Task objective: Every line below should be copied exactly; drop the pictures.

Given data:
== Segment start ==
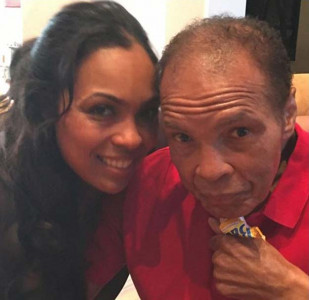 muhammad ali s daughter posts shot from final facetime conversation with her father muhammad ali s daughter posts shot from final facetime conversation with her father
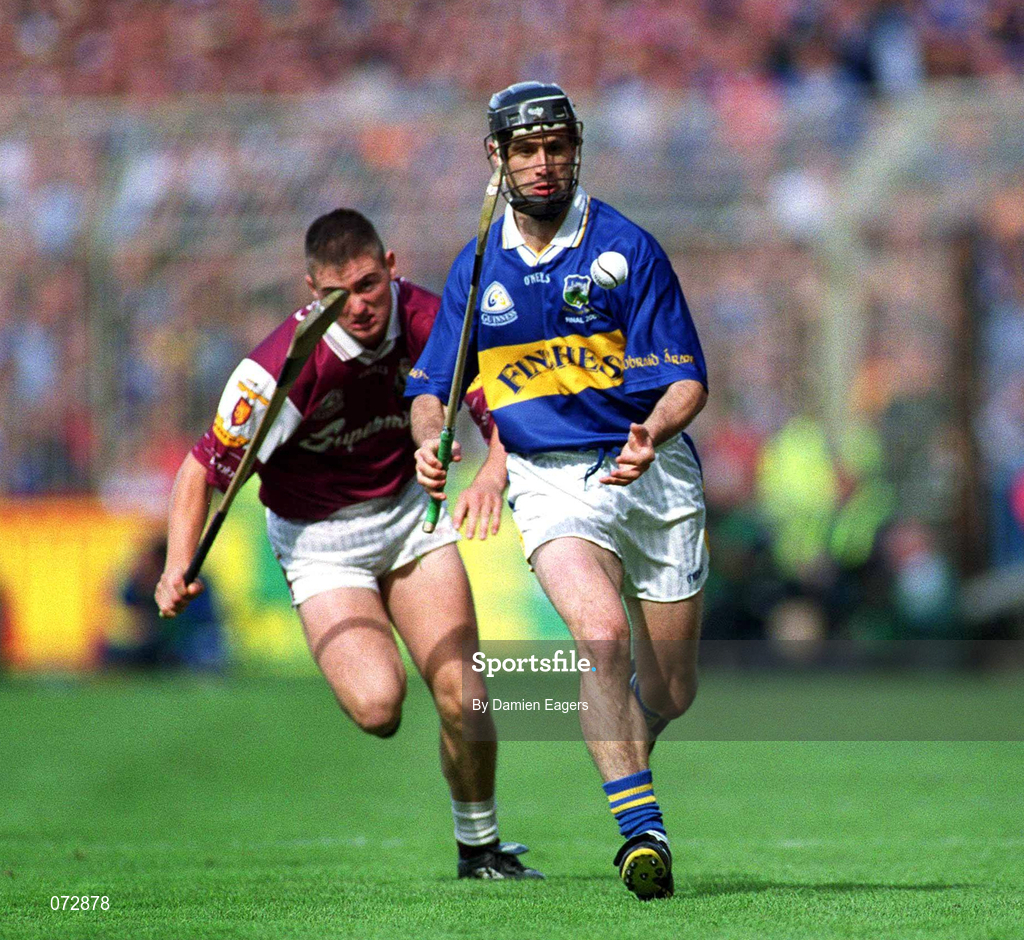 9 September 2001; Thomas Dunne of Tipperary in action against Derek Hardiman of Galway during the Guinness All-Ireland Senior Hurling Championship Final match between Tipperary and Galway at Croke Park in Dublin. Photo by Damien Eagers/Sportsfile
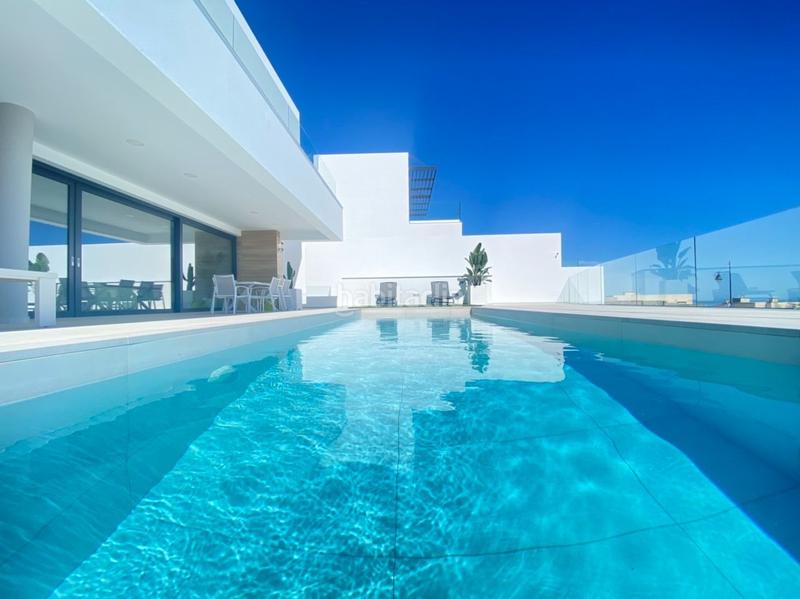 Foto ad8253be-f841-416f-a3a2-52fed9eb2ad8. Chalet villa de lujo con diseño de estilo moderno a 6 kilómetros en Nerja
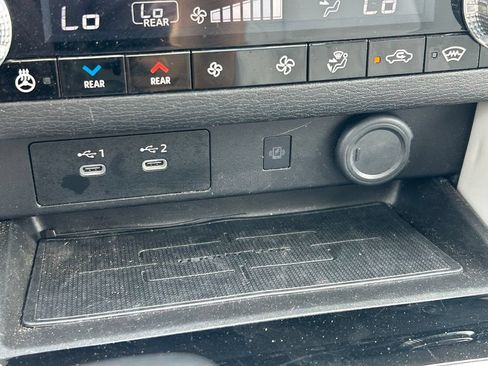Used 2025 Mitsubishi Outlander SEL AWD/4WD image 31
== Segment end ==
Exercise response:
 muhammad ali s daughter posts shot from final facetime conversation with her father muhammad ali s daughter posts shot from final facetime conversation with her father
 9 September 2001; Thomas Dunne of Tipperary in action against Derek Hardiman of Galway during the Guinness All-Ireland Senior Hurling Championship Final match between Tipperary and Galway at Croke Park in Dublin. Photo by Damien Eagers/Sportsfile
 Foto ad8253be-f841-416f-a3a2-52fed9eb2ad8. Chalet villa de lujo con diseño de estilo moderno a 6 kilómetros en Nerja
Used 2025 Mitsubishi Outlander SEL AWD/4WD image 31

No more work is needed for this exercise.